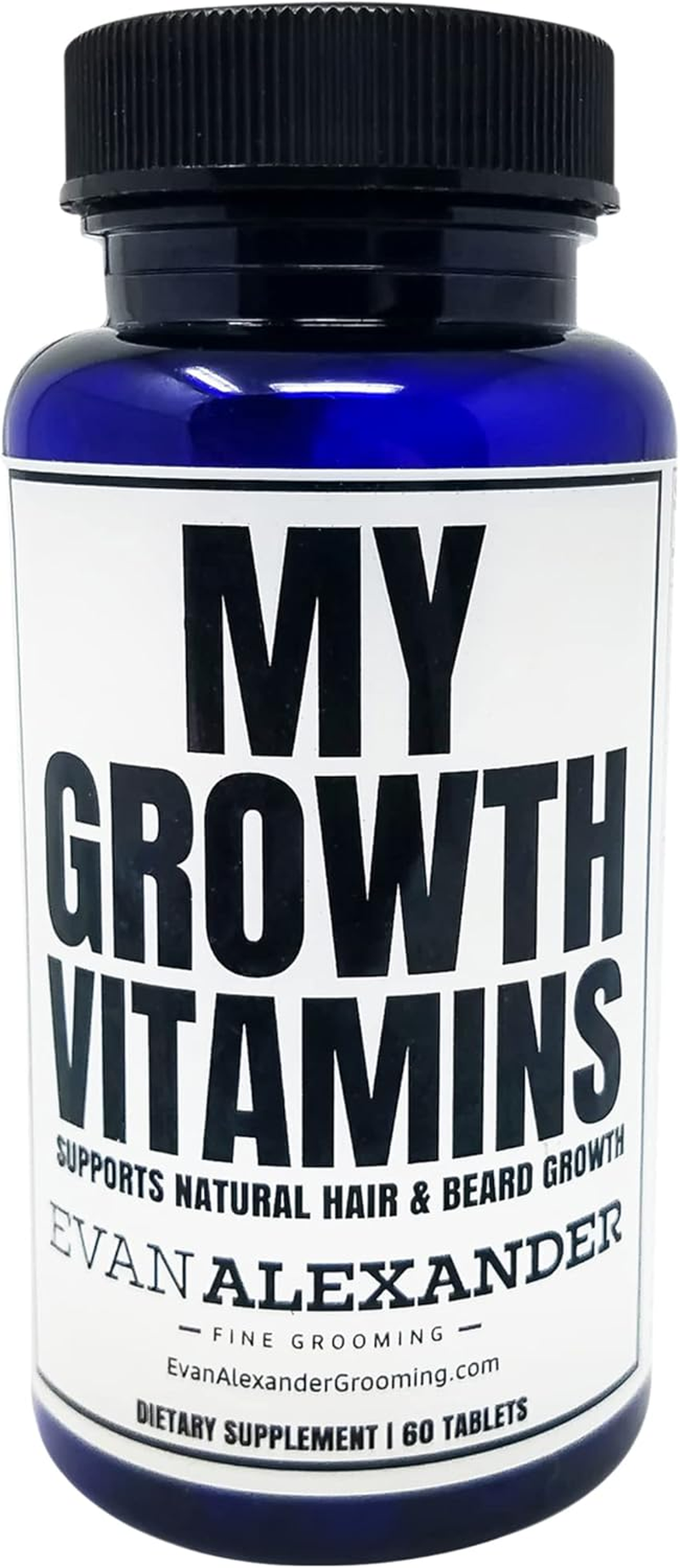 MY GROWTH VITAMINS image number 2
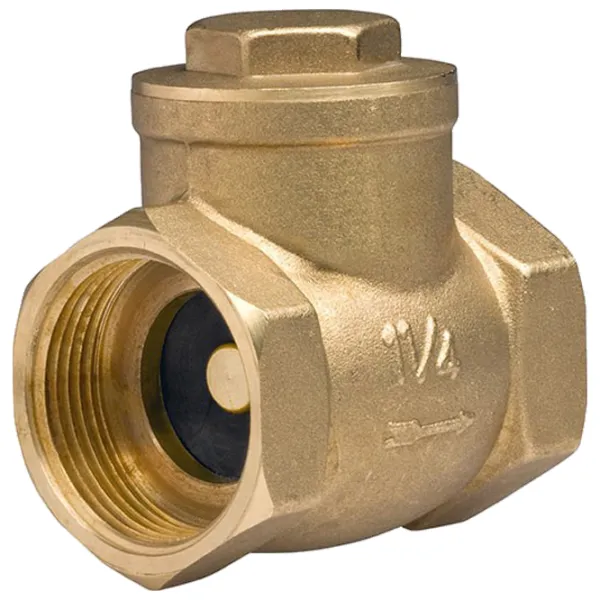 Supapă Ferro ZZK1  F / F  photo 1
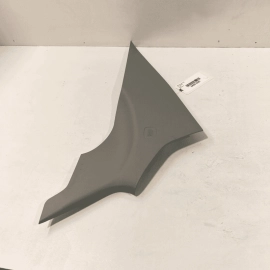 Pillar Trim Cover Quarter Panel Rear LEFT DRIVER Garnish 15-20 Acura TLX OE Pillar Trim Cover Quarter Panel Rear LEFT DRIVER Garnish 15-20 Acura TLX OE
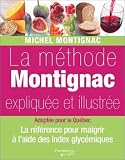 MTHODE MONTIGNAC EXPLIQUE ET ILLUSTRE (LA) : LA RFRENCE POUR MAIGRIR · L'AIDE INDEX GLYCMIQUES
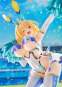 Sophia F. Shirring Cheerleader Version (Bunny Suit Planning) PVC-Statue 1/6 30cm Phat Company 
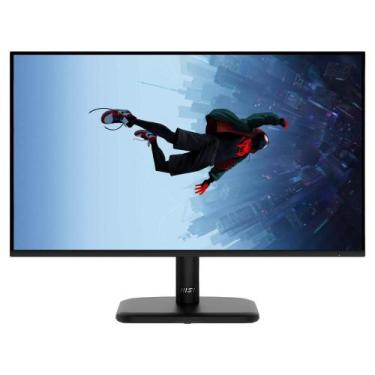Imagem de Monitor Gamer 24.5" MSI PRO MP251L E2 LED Full HD 120HZ 1MS - 9S6-3PD2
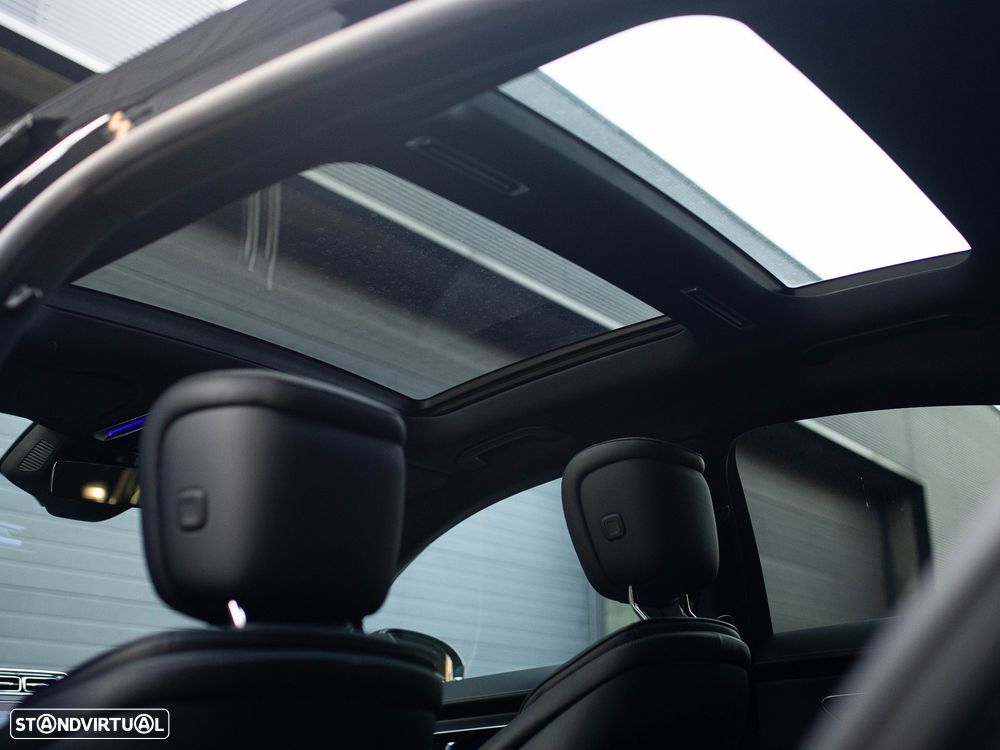 Mercedes-Benz S 400 d 4Matic - 49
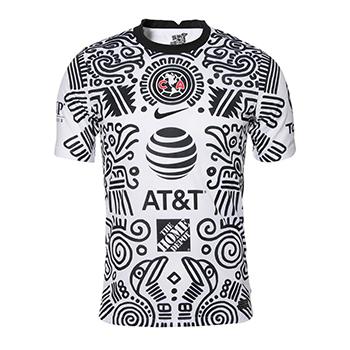 club america mexico jersey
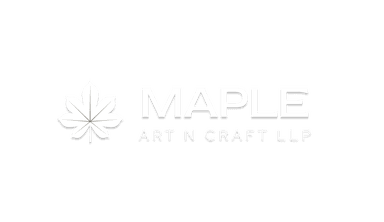 Maple Art & Crafts Logo
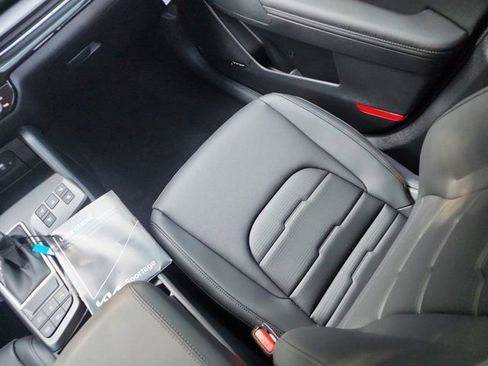 New 2026 Kia Sportage SX FWD image 13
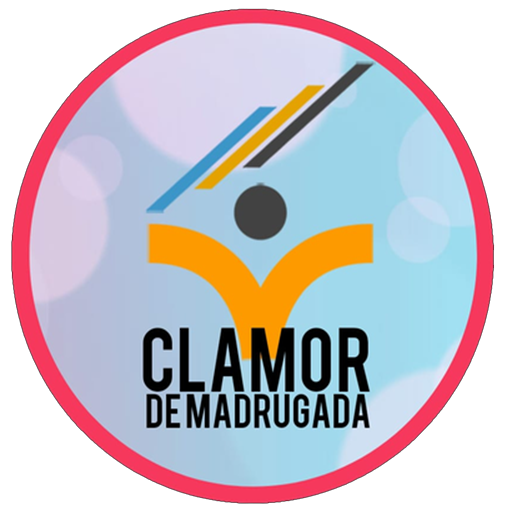CLAMOR DE MADRUGADA logo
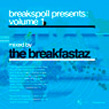 mixed by Breakfastaz, Breakspoll presents: Volume One, Supercharged, Karma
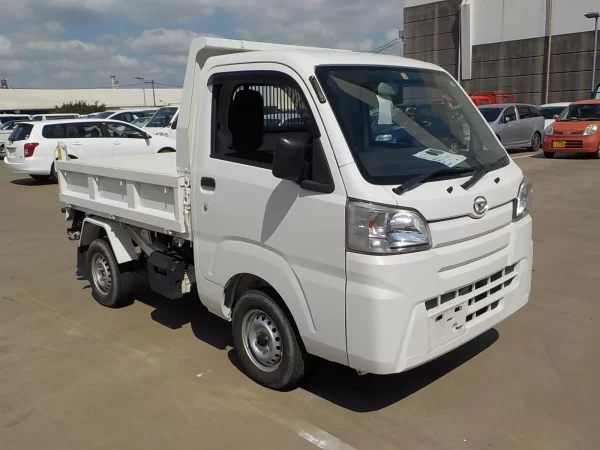 Used Daihatsu Hijet 2016 For Sale - Image 3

*What you are asked to do:* Please reproduce, word for word, every line from the first line of the records above through the line containing "MTHODE MONTIGNAC EXPLIQUE", and leave out the pictures.

*Solved problem:*
 MY GROWTH VITAMINS image number 2
 Supapă Ferro ZZK1  F / F  photo 1
 Pillar Trim Cover Quarter Panel Rear LEFT DRIVER Garnish 15-20 Acura TLX OE Pillar Trim Cover Quarter Panel Rear LEFT DRIVER Garnish 15-20 Acura TLX OE
 MTHODE MONTIGNAC EXPLIQUE ET ILLUSTRE (LA) : LA RFRENCE POUR MAIGRIR · L'AIDE INDEX GLYCMIQUES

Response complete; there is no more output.